I swallow, unsure how to answer that, or if I really should.
“I don’t have a word that’s big enough,” I answer honestly, staring at my fingers on my lap. “She’s not mine. Not really. Not just mine, anyway. She’s the center of everything. If she goes down because I was too scared to ask you for a favor... I don't want to think about it.”

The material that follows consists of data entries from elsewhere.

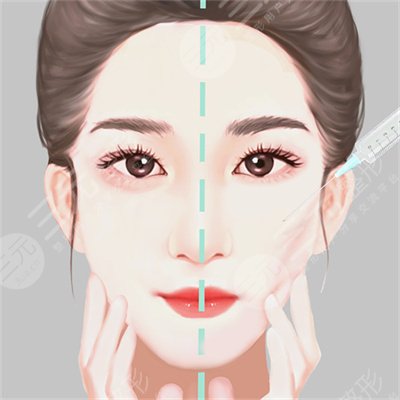 胶原光多久做一次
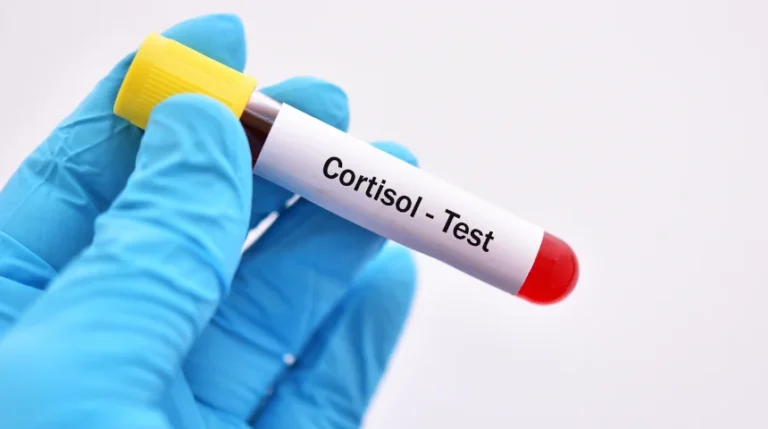 cortisol test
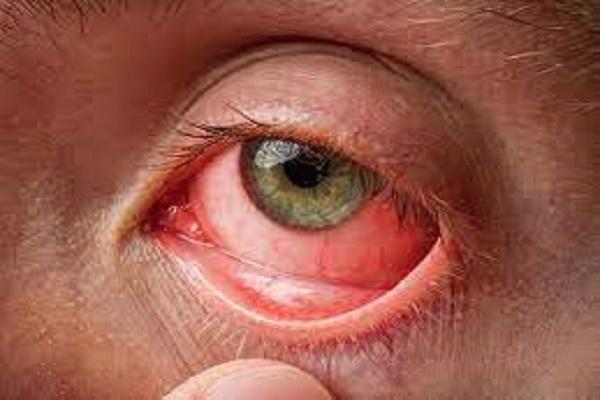 Eye Flu cases started increasing due to rainy season, advisory issued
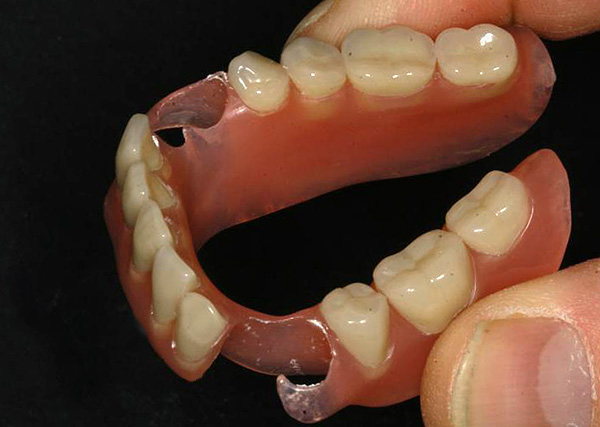 Avec un grand nombre de dents manquantes dans la bouche, l'utilisation d'une prothèse en nylon sera loin d'être la meilleure option pour les prothèses ...
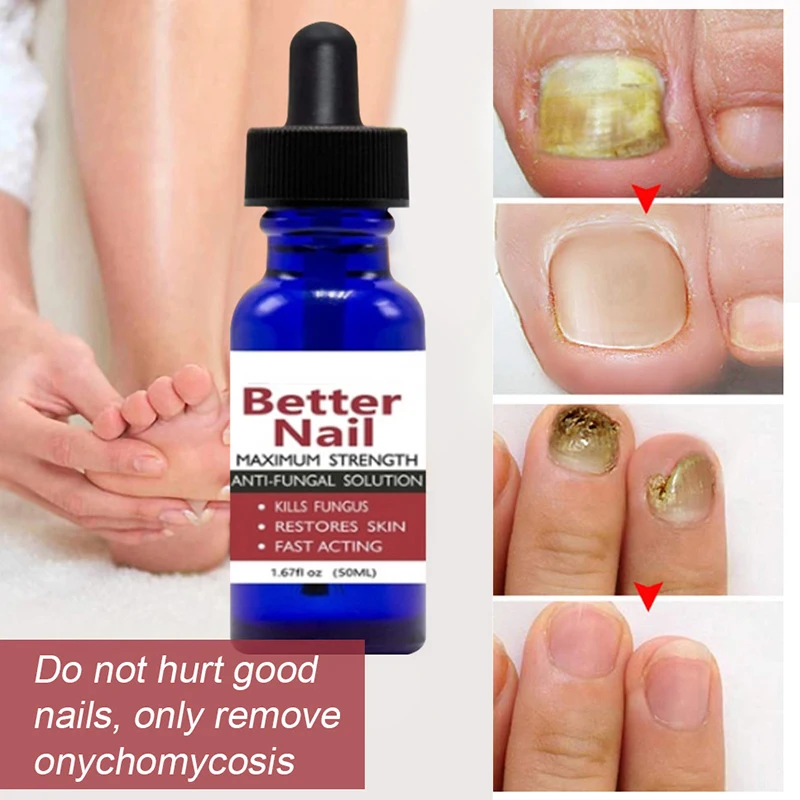 

50ml Nail Repair Liquid Anti Fungus Toe Serum Remove Nail Onychomycosis Essence Nail Treatment Liquid Hand Foot Care SSw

“And your friends,” Emil says, gaze steady on me, assessing rather than accusing. “They on board with this? Or are you pulling them in blind?”
“They know I’m reaching out,” I tell him, shoulders squaring as I meet his stare. “They don’t know your name yet. But when they do, they'll know to keep quiet.”
He gives me a single nod as he sits back, getting closer to a decision but not quite there.
“So.” His fingers tap once against the table. “You want him removed.”
“Yes.”
“For her.”
“For all of us,” I correct, lifting my chin a fraction. “But yeah. Mostly for her.”
He hums low in his throat and angles his head, sliding his attention briefly to the man behind him with a silent question.
The guy rolls one shoulder beneath his jacket, expression unmoved. “Sounds like a roach.” His voice is gravel and disinterest. “Just needs to be stepped on.”
“Low downside,” Emil murmurs, returning his eyes to me. “You sure no one’s going to come looking for him when he suddenly vanishes?”
“He’s got people.” I lean forward before I realize I’m doing it, elbows braced on my knees. “But he talks like there’s no one above him. Like he is the ceiling.”
That earns a twitch at the corner of Emil’s mouth, something sharper than a smile. “Men who believe that don’t stay upright long.”
“So you’ll do it?”
He doesn’t answer right away, letting the silence stretch, making sure I feel it.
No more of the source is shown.